#### Given material:
---+---
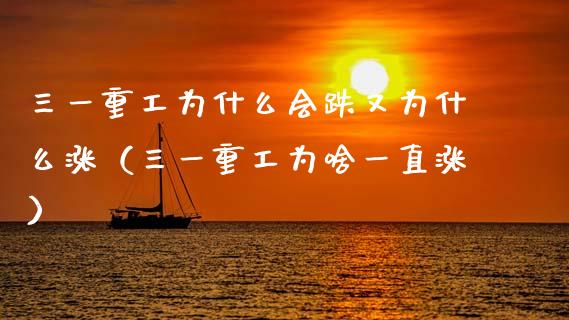 三一重工为什么会跌又为什么涨（三一重工为啥一直涨）_https://www.fsyjjx.cn_股指期货_第1张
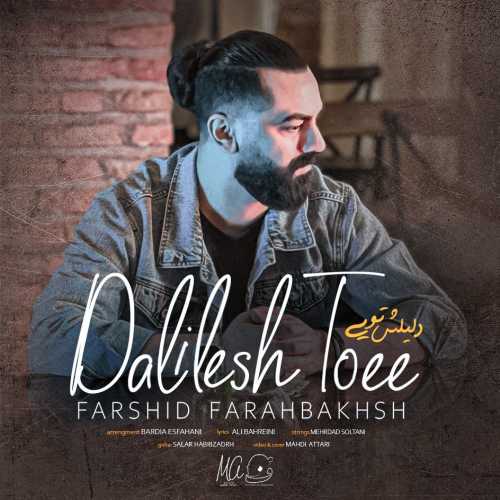 Download New Music By  Farshid Farahbakhsh Called Dalilesh Toee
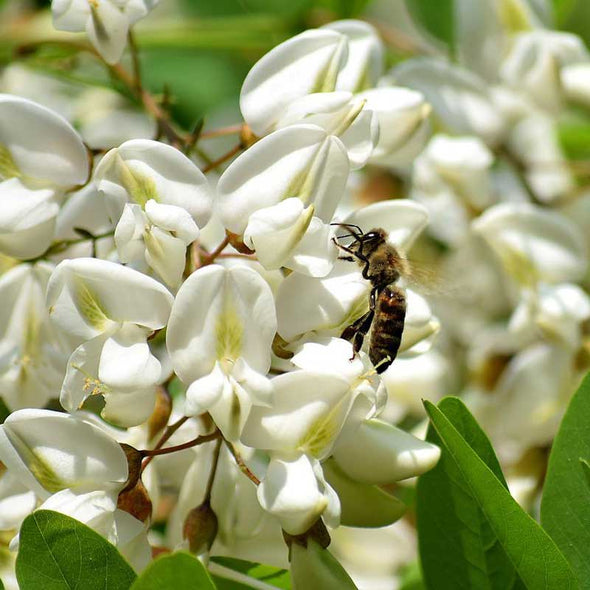 Honeybee on acacia blossom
---+---
#### Your assignment:
Retyping is limited to the line with "Download New Music" and the lines after it in the material above; give them exactly and leave out the pictures.

#### Worked solution:
 Download New Music By  Farshid Farahbakhsh Called Dalilesh Toee
 Honeybee on acacia blossom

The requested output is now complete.